| Work instruction |
Taking only the lines of the data below from the line with "Step 2: Create" to the line with "He is part of", ends included, write them out exactly and without pictures.
↓
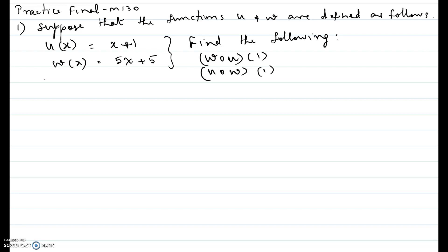In this video I will be showing you problems number one and two of the practice final for intermediate algebra class. Problem number one: suppose that the functions u and w are defined as follows — u of x equals x plus one, w of x equals five x plus five. Find the following: w composite u of one, and u composite w of one.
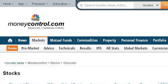You can also try www.moneycontrol.com, especially the page 'What is Margin Trading Facility' in the stocks glossary. Here's the link.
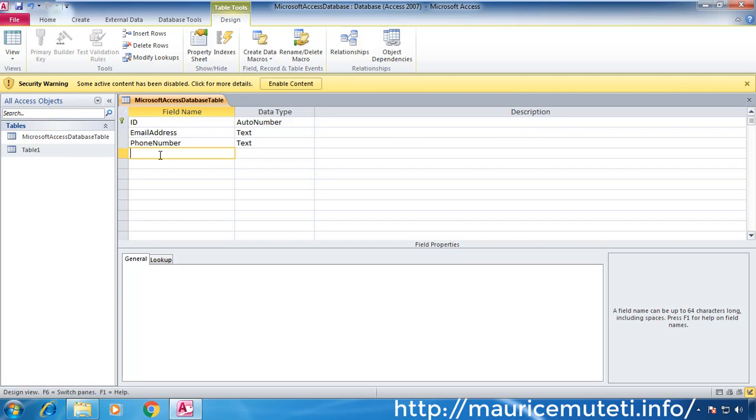So I am going to add other columns of type text and one of type OLE Object. This one will store image files as bytes.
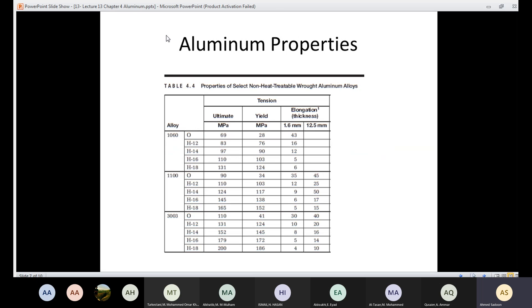Here we have a table of aluminum properties showing the effect of alloying agents. For example, alloy 1060 with zero alloying agent is pure aluminum. With alloying agents — series 12, 14, 16, and 18 — you can see how the properties are enhanced. Using alloying agents, you can enhance both the ultimate and yield strength, and you can also alter elongation values since pure aluminum has high elongation. There are different types of alloying agents that can be added to aluminum to enhance its properties.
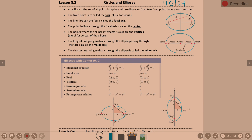The line through the foci is called the focal axis. The point halfway through the focal axis is called the center — one center point in the middle of your ellipse. The points where the ellipse intersects its axis are the vertices — plural for vertex. You have a vertex at one end of your main axis and at the other end. Your vertices are always at the longer ends of the ellipse.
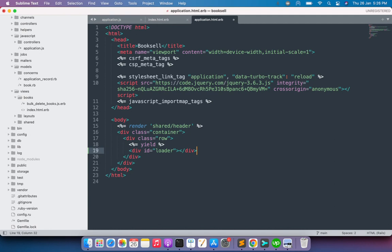We won't write any content inside the div for now. We'll keep it visible initially because we need to set some CSS first to see how it looks when AJAX is in progress. If we add display:none right away, we wouldn't be able to style it properly. So we'll first write the CSS, confirm it looks right, and then add display:none. We'll define a style tag in the head of application.html.erb.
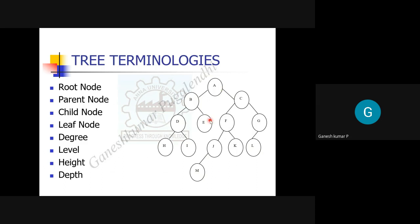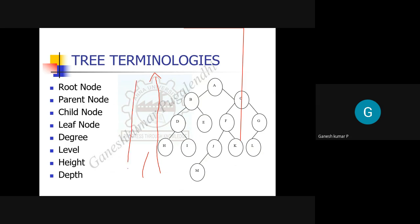When you define depth, think of looking down from a tall building or tower — you nod your head downward. In case of a tree, depth means you stand at the root and look down. Node A is at depth zero, B and C are at depth one, and so on down to the leaves. So height is measured from bottom to top, and depth is measured from top to bottom.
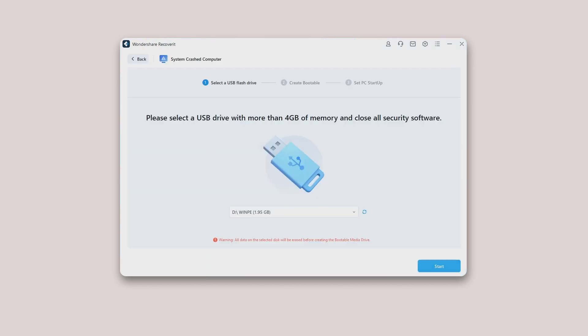Step 2: Create a bootable media. To recover data from an unbootable computer, you need to create bootable media to start it up first. Now, let's have a look at how to create a bootable drive.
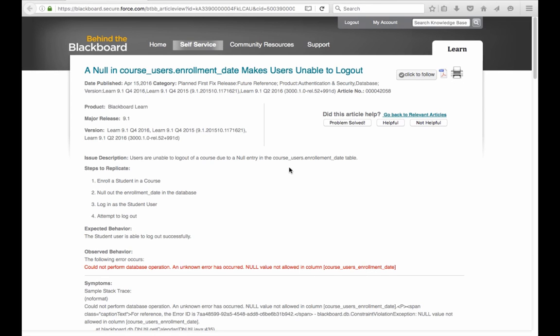Hi, today I want to show you another known issue from Blackboard Learn. In this one, the user is unable to log out from Blackboard.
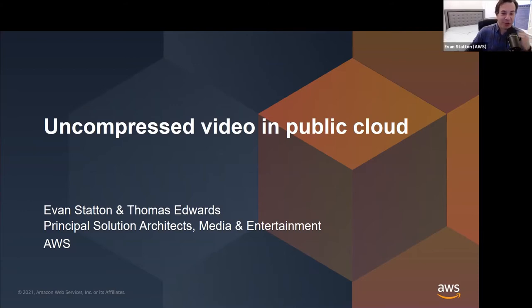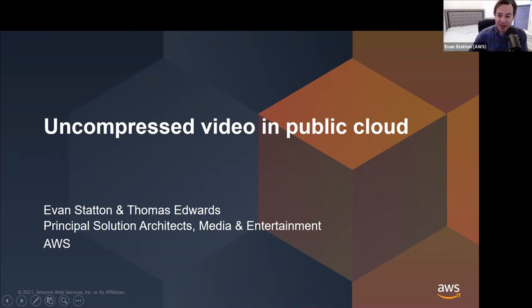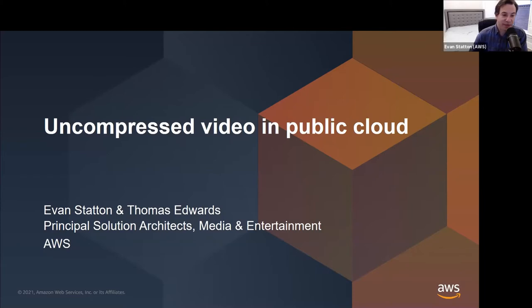Hi, good morning, good afternoon, or good wherever you are when you're watching this on YouTube. My name is Evan Statton. I'm joined today by Thomas Edwards, and we are solutions architects at AWS in the Media and Entertainment Group. Today we're going to talk to you about uncompressed video in the cloud — how, why, and maybe even why not. We'll take questions at the end. There have been many questions coming to us over the past few months about customers who want to do this, so we thought we would give a technical presentation about how exactly it works. This seemed like the right forum for a technical deep dive. We'll go as deep as we can in 25 minutes, and feel free to contact Thomas or I anytime.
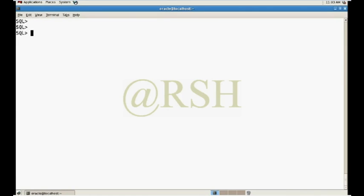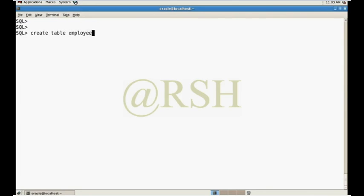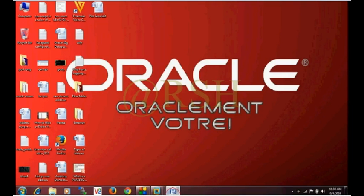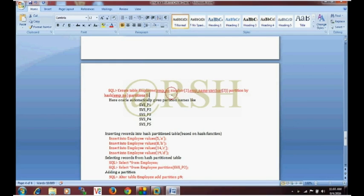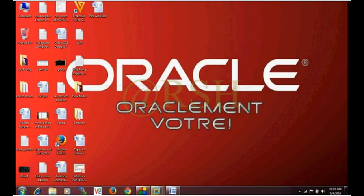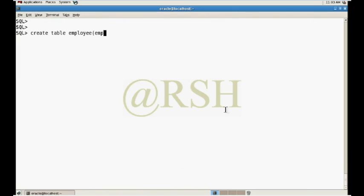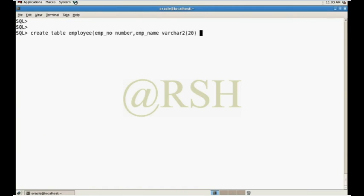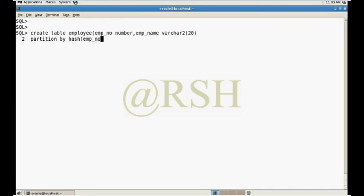Create table employee, emp number, employee name... partition by hash.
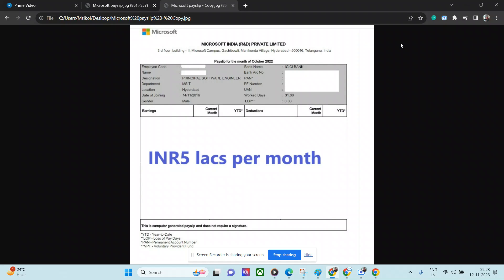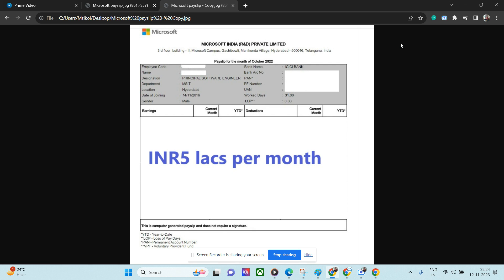He is part of MSIT. Microsoft has, I believe, four verticals in India, out of which MSIT is for their internal tool development and support. They have a lot of internal tools - for example, if you're purchasing Windows, you need to activate it, right? Those volume licensing tools - they have a specific website for those. For those kinds of internal tools, this MSIT vertical works. There are a few others like MS IDC who work specifically for development for US clients, and there's also MS GD. MSIT is for internal tool and development purposes.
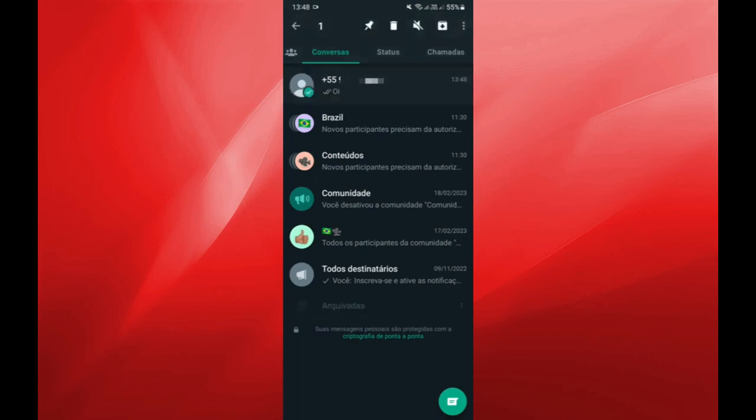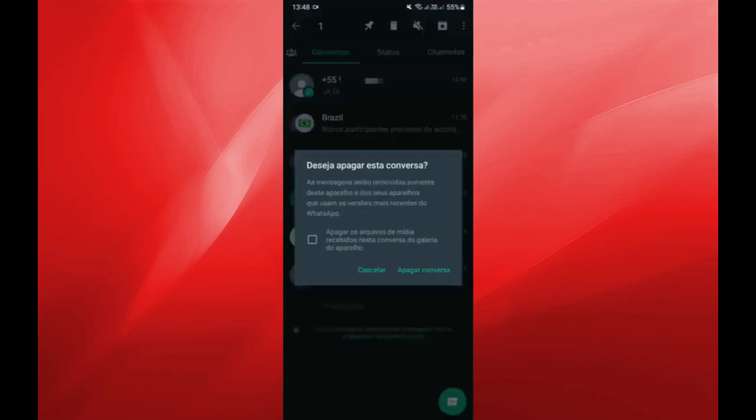In this menu, you will be looking and clicking on the little trash can icon. Click on the trash can, and it will ask you if you want to delete this conversation. You will confirm here to delete the conversation.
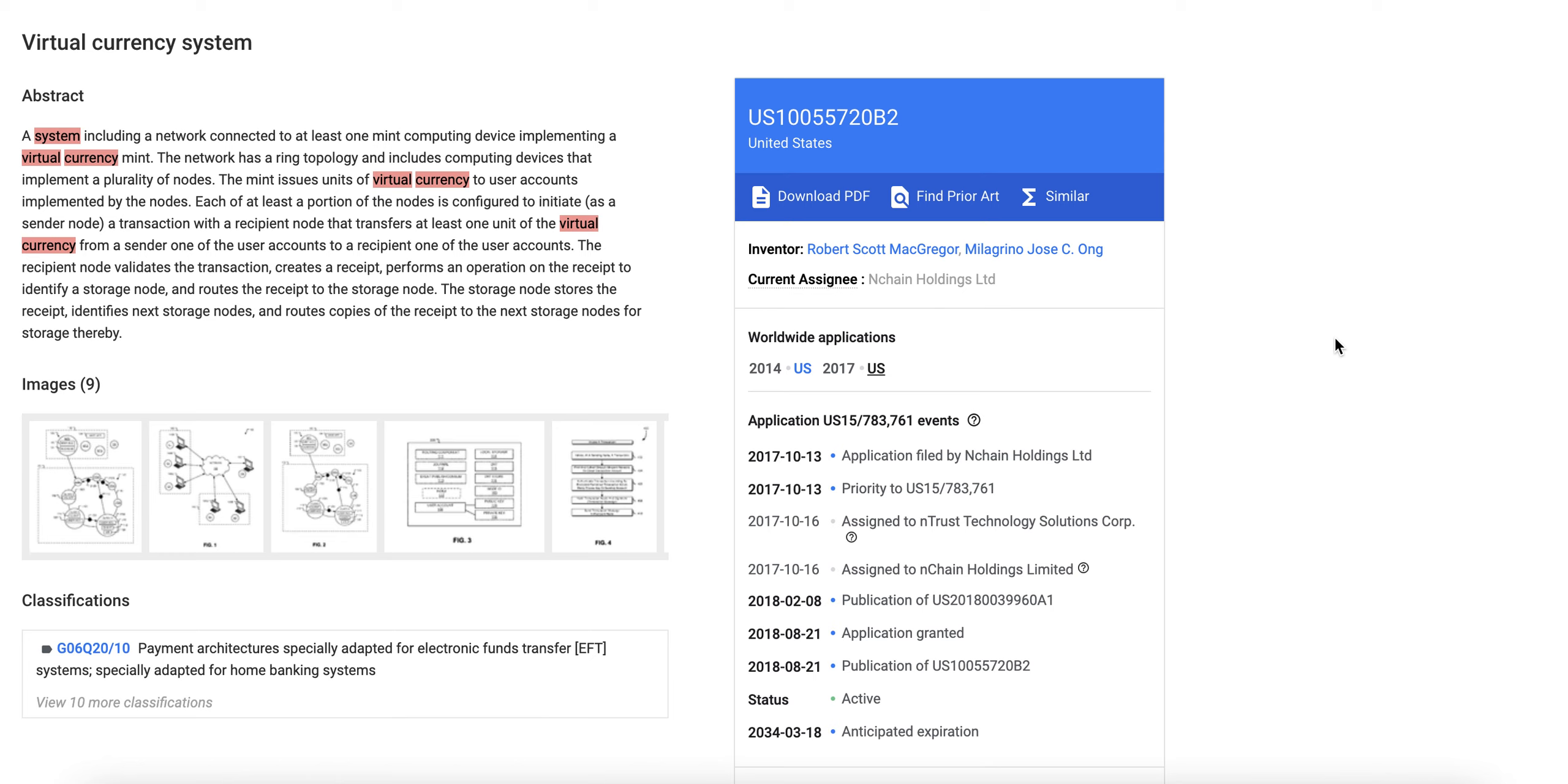The recipient node validates the transaction, creates a receipt, performs an operation on the receipt to identify a storage node and routes the receipt to the storage node. The storage node stores the receipt, identifies the next storage nodes and routes copies of the receipt to the next storage nodes for storage thereby.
↑
| Task solution |
Step 2: Create a bootable media. To recover data from an unbootable computer, you need to create bootable media to start it up first. Now, let's have a look at how to create a bootable drive.
Hi, today I want to show you another known issue from Blackboard Learn. In this one, the user is unable to log out from Blackboard.
Hi, good morning, good afternoon, or good wherever you are when you're watching this on YouTube. My name is Evan Statton. I'm joined today by Thomas Edwards, and we are solutions architects at AWS in the Media and Entertainment Group. Today we're going to talk to you about uncompressed video in the cloud — how, why, and maybe even why not. We'll take questions at the end. There have been many questions coming to us over the past few months about customers who want to do this, so we thought we would give a technical presentation about how exactly it works. This seemed like the right forum for a technical deep dive. We'll go as deep as we can in 25 minutes, and feel free to contact Thomas or I anytime.
Create table employee, emp number, employee name... partition by hash.
He is part of MSIT. Microsoft has, I believe, four verticals in India, out of which MSIT is for their internal tool development and support. They have a lot of internal tools - for example, if you're purchasing Windows, you need to activate it, right? Those volume licensing tools - they have a specific website for those. For those kinds of internal tools, this MSIT vertical works. There are a few others like MS IDC who work specifically for development for US clients, and there's also MS GD. MSIT is for internal tool and development purposes.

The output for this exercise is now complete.